2) Total Digestible Nutrients (TDN)

Some laboratories use the same formula to calculate the TDN value as they do the DDM; therefore, the two values would be the same. Other laboratories will use different formulas, such as:

· Alfalfa: % TDN = 96.35--(ADF % X 1.15)

· Corn Silage: % TDN = 87.84--(ADF % X 0.70)

As the percent ADF increases, TDN will decrease.

3) Net Energy-Lactation (NEL), Net Energy-Maintenance (NEM), and Net Energy-Gain (NEG)

These net energy values are often calculated from TDN values, which in turn are generated from percent ADF. Examples are:

· NEL: Mcal/lb = (TDN % x 0.01114) – 0.054

· NEM: Mcal/lb = (TDN % x 0.01318) – 0.132

· NEG: Mcal/lb = (TDN % x 0.01318) – 0.459

As the percent ADF in the forage increases, the net energy values will decrease.
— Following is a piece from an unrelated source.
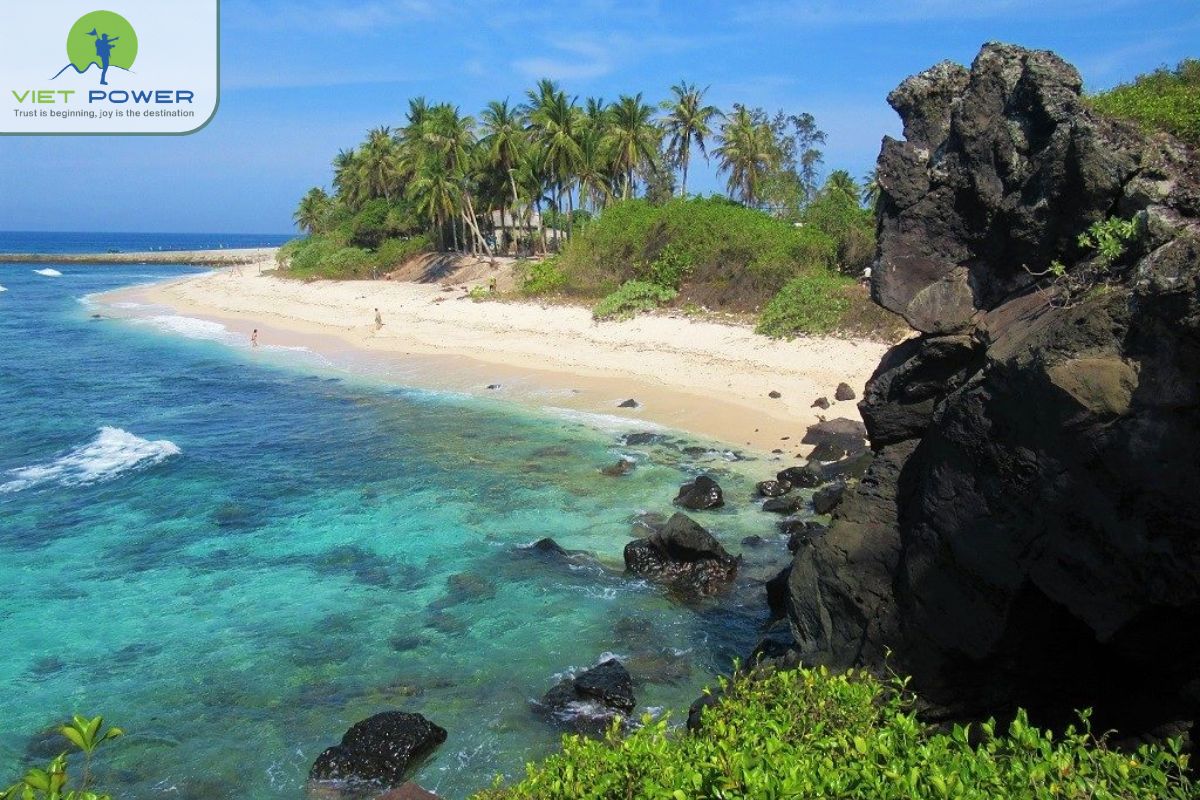 Ly Son Island (4)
Not all Laboratories are Created Equal

There are dozens, if not several hundred analytical laboratories scattered across the United States. Many of these are private or commercial labs set up to provide analyses services as their means of revenue generation. Others can be found in universities, agriculturally based companies (i.e. feed companies, etc.), consulting firms, research facilities, etc. No two labs are set up alike and no two labs will have the same people operating them. As we discussed before, they also use varying methods of calculating the values they produce and additionally, they use different methods of performing the bases analyses. Let's take a moment and discuss the basis on which different labs are founded.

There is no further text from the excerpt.